Nicolás Maduro se juramenta el 10 de enero como presidente constitucional de la República Bolivariana de Venezuela. Prácticamente desde el mismo momento de las pasadas elecciones la atención política nacional y mundial está centrada sobre tal fecha como paso subsecuente de un proceso. El cable político ha alcanzado alta tensión porque, también, el candidato opositor, Edmundo González, que no reconoce a Maduro y se autoproclama a sí mismo como el presidente electo legítimo, anuncia su juramentación.
El primero lo hará ante la Asamblea Nacional y la institucionalidad y poderes del Estado venezolano; el segundo, quien se encuentra en España asilado, propone entonces regresar al país para hacerlo, muy probablemente en un lugar clandestino, ante las cámaras y micrófonos de los países interesados en derrocar a Maduro y servirse gratuitamente de los recursos naturales de la patria de Simón Bolívar. Lo secundaría su vicepresidenta virtual, María Corina Machado, y facciones de la fauna política del país, como Primero Justicia, Vente Venezuela, y entes y ONGs financiadas desde el exterior.
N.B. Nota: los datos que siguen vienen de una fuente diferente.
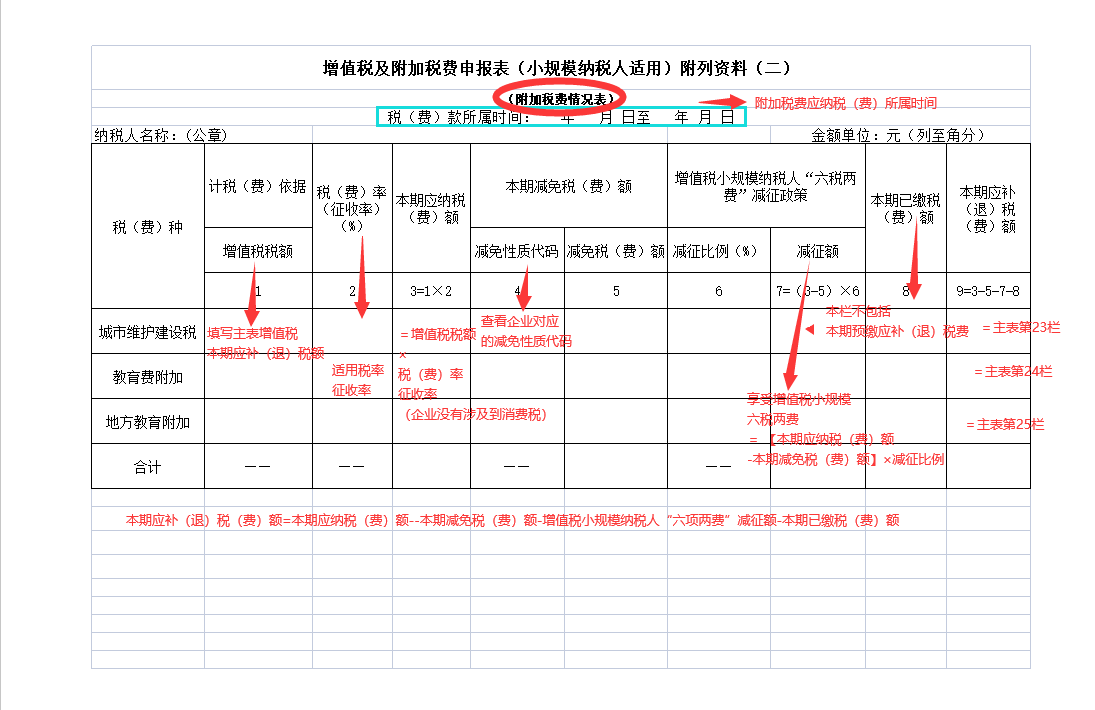 新手不懂如何报税？超详细抄报税流程+纳税申报流程，一看就会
Y así se tiene que para el 10 de enero se está planteando que dos personas asuman una única función gubernamental, lo cual, técnica, política y moralmente es imposible, siendo, además, nomás en su hipótesis, un acto de abochornamiento de la condición presidencial de un país, rayándose con el gesto en lo circense, la ridiculización y en la pérdida de dignidad ante el mundo, hecho en el que invierte la oposición con tal tenacidad que se le va la supervivencia política en ello, dado que más beneficia al conspirador que al gobernante la destrucción de la noción de país, aunque el mismo sea cuna de todos. Su misión puntual es deslegitimar con efecto derrocador.
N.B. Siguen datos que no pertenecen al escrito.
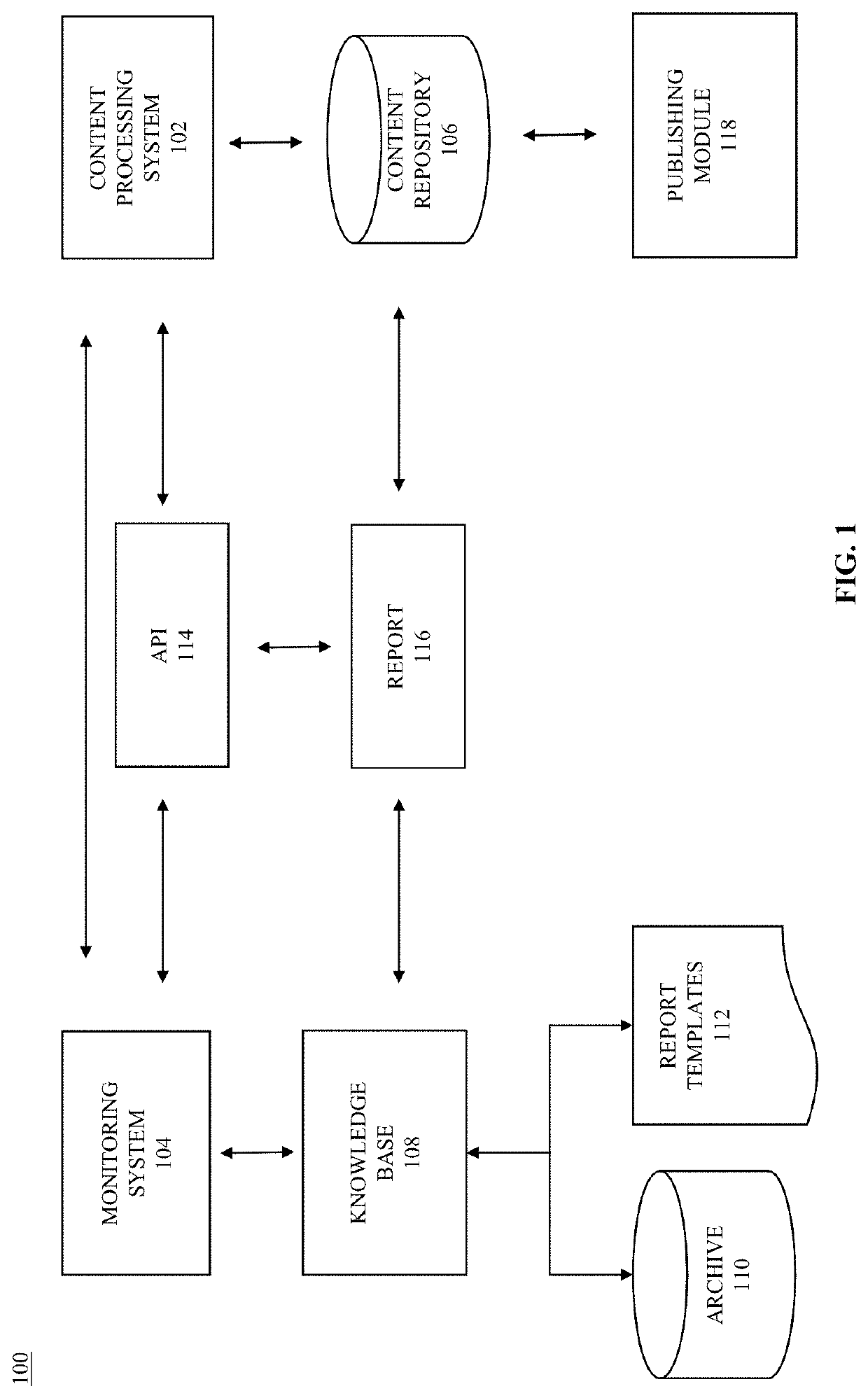 System and Methods For Protecting, Monitoring, and Reporting Use Of Content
En consecuencia, el gobierno debe considerar que se le realiza un ataque mortal, y debe emplear bajo esa bandera toda su capacidad defensiva para neutralizar (o destruir) al enemigo, denominación que merece sin empacho quien para el contrario busca la muerte o el desmantelamiento. Para nadie se oculta que la oposición venezolana sueña con que Nicolás Maduro sea asesinado o se muera en una cárcel estadounidense al estilo Manuel Antonio Noriega, sin escatimar los respectivos pasos previos para lograr ese fin: invasión de Venezuela por los EE. UU., imposición de una dictadura de derecha, asesinato masivo de militancia política adversa.
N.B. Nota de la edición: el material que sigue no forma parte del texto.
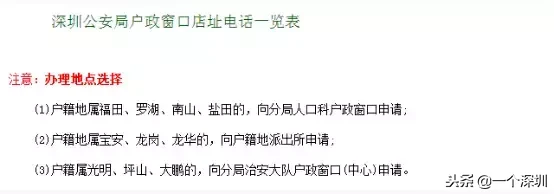 深圳户口怎么办理？深圳户口最强指南来啦~（内附随迁入户）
Las razones de defensa estriban sobre el compromiso del gobierno con la mayoría que lo apoya (militancia en peligro de muerte), el sostenimiento histórico de la república (en riesgo de colonización) y la preservación de la institucionalidad y dignidad nacionales. Se está hablando de uno de los países más heroicos de la tierra, claramente amenazado con invasión y guerra civil.
Tales riesgos hacen que luzcan pobres los 100 mil dólares que ofrece el aparato del Estado venezolano por el suministro de información sobre el paradero de Edmundo González, en estos momentos en trance de ingreso al país, según dinámica política de los agentes conspiradores internacionales y según sus propios anuncios. Aunque, si se analiza, es posible que se trate de un gesto de sobreseguridad de un gobierno que ha sabido con sus cuerpos de seguridad neutralizar intentonas y sabotajes de los más pintados a lo largo de los años, incluyendo personajes presuntamente letales, mercenarios, con experiencias de guerra en Irak y Europa.